Capodichino abrite l'aéroport de Naples.
L'Italie ne veut lancer "aucune guerre" contre la Libye mais seulement "faire respecter une résolution de l'ONU qui demande au (dirigeant libyen Mouammar) Kadhafi de cesser le feu, de mettre fin aux bombardements aériens et de respecter l'embargo", a-t-il ajouté.
La résolution 1973 du Conseil de sécurité adoptée jeudi exige un cessez-le-feu immédiat et l'arrêt de toutes les opérations offensives.
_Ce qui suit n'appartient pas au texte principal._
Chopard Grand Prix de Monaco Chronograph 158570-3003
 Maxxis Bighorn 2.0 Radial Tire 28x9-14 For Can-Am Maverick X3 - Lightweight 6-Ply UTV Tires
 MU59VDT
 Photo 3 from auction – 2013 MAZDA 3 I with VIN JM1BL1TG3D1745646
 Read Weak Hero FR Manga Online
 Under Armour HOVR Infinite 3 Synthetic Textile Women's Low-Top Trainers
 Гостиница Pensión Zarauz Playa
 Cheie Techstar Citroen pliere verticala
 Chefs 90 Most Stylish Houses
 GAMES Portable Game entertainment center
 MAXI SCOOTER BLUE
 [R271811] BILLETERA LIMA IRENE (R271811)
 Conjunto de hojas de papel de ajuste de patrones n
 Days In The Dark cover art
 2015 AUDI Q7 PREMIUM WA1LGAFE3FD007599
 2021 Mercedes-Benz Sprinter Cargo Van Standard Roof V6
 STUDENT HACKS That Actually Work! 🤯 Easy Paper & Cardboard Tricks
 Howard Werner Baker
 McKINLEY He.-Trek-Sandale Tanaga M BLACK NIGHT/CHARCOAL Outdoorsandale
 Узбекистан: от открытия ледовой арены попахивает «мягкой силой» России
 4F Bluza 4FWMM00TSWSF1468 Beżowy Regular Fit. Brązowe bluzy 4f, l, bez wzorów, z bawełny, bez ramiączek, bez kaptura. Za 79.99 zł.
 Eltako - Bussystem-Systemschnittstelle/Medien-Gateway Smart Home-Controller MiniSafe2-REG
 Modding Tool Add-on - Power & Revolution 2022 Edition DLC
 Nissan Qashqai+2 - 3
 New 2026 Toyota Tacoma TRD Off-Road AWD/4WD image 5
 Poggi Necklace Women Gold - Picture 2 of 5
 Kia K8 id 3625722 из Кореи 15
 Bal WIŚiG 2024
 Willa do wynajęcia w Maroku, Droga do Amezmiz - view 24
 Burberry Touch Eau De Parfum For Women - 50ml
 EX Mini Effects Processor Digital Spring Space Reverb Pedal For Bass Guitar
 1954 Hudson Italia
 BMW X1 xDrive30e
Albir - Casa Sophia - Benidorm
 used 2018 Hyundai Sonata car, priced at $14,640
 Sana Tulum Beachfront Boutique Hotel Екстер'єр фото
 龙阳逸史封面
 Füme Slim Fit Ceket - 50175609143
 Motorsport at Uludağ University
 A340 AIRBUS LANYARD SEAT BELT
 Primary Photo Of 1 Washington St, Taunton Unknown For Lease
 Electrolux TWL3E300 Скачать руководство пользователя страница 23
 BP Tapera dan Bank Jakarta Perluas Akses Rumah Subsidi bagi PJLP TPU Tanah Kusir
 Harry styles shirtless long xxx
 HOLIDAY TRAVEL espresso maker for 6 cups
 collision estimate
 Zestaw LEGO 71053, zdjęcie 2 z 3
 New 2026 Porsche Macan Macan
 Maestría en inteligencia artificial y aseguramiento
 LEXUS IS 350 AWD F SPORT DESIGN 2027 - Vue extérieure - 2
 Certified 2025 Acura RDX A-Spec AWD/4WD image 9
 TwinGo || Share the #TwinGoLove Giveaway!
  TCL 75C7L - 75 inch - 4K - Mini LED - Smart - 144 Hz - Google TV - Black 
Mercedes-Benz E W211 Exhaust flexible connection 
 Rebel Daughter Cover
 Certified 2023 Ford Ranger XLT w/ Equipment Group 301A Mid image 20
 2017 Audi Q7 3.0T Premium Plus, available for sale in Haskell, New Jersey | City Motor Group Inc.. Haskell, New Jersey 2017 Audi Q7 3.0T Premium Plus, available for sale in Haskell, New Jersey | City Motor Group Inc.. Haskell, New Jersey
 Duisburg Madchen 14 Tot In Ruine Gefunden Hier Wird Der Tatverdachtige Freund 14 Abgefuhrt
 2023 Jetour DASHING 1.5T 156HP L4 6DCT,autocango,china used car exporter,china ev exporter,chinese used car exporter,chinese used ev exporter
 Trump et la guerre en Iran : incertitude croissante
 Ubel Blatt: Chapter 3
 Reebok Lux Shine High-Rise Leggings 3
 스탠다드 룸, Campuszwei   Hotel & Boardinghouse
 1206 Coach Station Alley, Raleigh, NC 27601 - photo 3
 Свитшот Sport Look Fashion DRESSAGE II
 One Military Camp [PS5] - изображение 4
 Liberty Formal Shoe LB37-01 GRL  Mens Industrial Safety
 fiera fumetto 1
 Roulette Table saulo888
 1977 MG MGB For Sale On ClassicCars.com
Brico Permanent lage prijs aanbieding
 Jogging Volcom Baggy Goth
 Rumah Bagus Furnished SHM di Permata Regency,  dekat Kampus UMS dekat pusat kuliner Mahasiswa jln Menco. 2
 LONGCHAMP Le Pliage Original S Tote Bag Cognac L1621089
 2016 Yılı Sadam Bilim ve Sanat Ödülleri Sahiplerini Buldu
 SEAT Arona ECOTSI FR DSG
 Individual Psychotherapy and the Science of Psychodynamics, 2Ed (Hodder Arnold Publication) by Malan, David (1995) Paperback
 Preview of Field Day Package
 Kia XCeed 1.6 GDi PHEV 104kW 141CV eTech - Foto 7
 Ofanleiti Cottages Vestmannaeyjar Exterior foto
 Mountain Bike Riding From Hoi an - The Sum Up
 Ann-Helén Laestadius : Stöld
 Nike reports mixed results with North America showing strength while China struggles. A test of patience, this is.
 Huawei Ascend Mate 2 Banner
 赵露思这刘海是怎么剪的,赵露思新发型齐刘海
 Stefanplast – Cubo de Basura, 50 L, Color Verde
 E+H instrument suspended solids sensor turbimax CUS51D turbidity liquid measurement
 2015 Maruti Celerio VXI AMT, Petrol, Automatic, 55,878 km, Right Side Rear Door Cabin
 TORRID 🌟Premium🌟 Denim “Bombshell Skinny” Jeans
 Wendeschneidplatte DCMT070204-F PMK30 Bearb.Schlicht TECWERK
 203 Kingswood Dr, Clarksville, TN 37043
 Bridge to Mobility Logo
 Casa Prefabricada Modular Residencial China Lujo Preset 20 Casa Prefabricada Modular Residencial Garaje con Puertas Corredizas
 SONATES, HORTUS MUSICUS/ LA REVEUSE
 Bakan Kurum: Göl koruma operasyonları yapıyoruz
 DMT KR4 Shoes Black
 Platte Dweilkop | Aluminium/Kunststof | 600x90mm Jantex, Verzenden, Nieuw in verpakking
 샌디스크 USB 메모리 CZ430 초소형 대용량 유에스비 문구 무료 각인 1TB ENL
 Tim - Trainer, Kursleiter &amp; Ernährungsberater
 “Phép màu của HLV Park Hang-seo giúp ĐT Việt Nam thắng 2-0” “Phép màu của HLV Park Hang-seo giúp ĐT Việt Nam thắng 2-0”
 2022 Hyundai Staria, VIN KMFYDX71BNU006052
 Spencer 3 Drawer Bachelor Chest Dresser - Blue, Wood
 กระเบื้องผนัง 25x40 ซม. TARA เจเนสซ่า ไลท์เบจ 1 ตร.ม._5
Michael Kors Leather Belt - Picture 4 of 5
Elle interdit également les vols au-dessus de la Libye.
En cas de violation de cette résolution votée par 10 des 15 membres du Conseil de sécurité, la communauté internationale est autorisée à user de "toutes les mesures nécessaires" pour protéger les civils, ouvrant la porte à de possibles frappes aériennes.
La France, la Grande-Bretagne, le Canada, le Qatar et d'autres pays européens ont fait savoir qu'ils étaient disposés à participer à l'instauration d'une zone d'exclusion aérienne, voire à des frappes aériennes.
M. Frattini avait déjà indiqué vendredi que l'Italie était prête à "mettre à disposition ses bases".
Rome a proposé l'utilisation de sept bases aériennes notamment en Sicile, dans les Pouilles (sud du pays), en Sardaigne et en Vénétie (nord-est). "La mission ne pourrait pas se faire sans les bases italiennes, en tout cas pas de façon aussi efficace", avait souligné M. Frattini.
La Libye est une ancienne colonie italienne et Silvio Berlusconi était jusqu'au début de l'insurrection l'un des plus grands alliés du colonel Mouammar Kadhafi en Europe.
Le traité d'amitié et de coopération économique bilatéral signé en 2008, qui a permis à l'Italie de devenir le premier partenaire commercial de la Libye, interdit l'utilisation du territoire italien pour toute opération militaire en Libye.
Mais M. Frattini a affirmé ces dernières semaines que le traité était "de facto" suspendu depuis l'insurrection qui a débuté à la mi-février en Libye.